Council investigates collapse of a section of Ludlow town walls
Shropshire Council is investigating after a 10-metre-long section of Ludlow’s historic town walls collapsed near to St Laurence’s Church earlier today (Monday 18 February 2013).
Officers from the council’s environmental maintenance team have carried out an initial inspection of the damaged section of wall and, for safety reasons, arranged for it to be fenced off by their contractor, Ringway.
At the same time, officers from the council’s historic environment team have carried out an assessment of the damage, and will now carry out further investigations to determine the cause of the collapse and the work that will need to be carried out to repair the damaged section of wall.
The Ludlow town walls are one of the most complete ancient perimeter defences of any historic town in England. The walls are some 800 years old and a significant visitor attraction in Ludlow.
Martin Taylor-Smith, Shropshire Council’s Cabinet member responsible for assets, and Shropshire Councillor for Ludlow South, said:
“Council officers were quickly on the scene to assess the scale of the damage and to make the area safe. We now need to carry out further investigations to determine what repairs are needed, and we will work closely with English Heritage on this. We can’t give any indication of cost until we have a surveyor’s report that provides an estimate. However, there will be no impact on council tax as any funding required will come from our reserves.”

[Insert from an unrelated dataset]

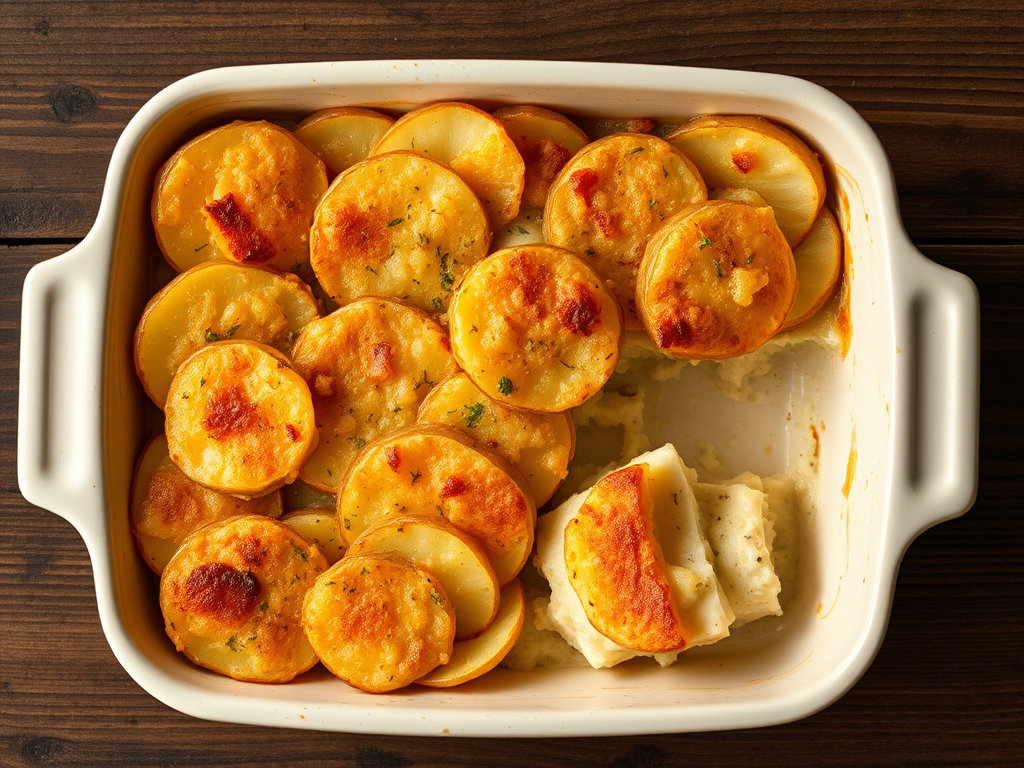 Картофельная запеканка с лимоном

Rosanna Taylor-Smith, Shropshire Councillor for Ludlow North, said:
“Luckily no-one was injured when the wall collapsed, although a car parked below was damaged by the falling debris. I visited the site at 9am and spoke to the contractors putting up the barriers who had been called out shortly after 3am. In the coming weeks, whilst repairs are carried out, I hope we can keep access open to the Garden of Rest for all to enjoy, as it is one of the most popular green areas of Ludlow.”
Ludlow Town Walls have been subject to a series of collapses in recent years, with repair costs approaching £1million, which has been jointly-funded by private owners, local councils, English Heritage and the Heritage Lottery Fund (HLF).
The Ludlow Town Walls Trust was set up in 2007 to help attract funding for this scheduled ancient monument. Chairman Richard Cundall is currently working with Shropshire Council officers to submit a further application to the HLF to address vulnerable areas along the north face.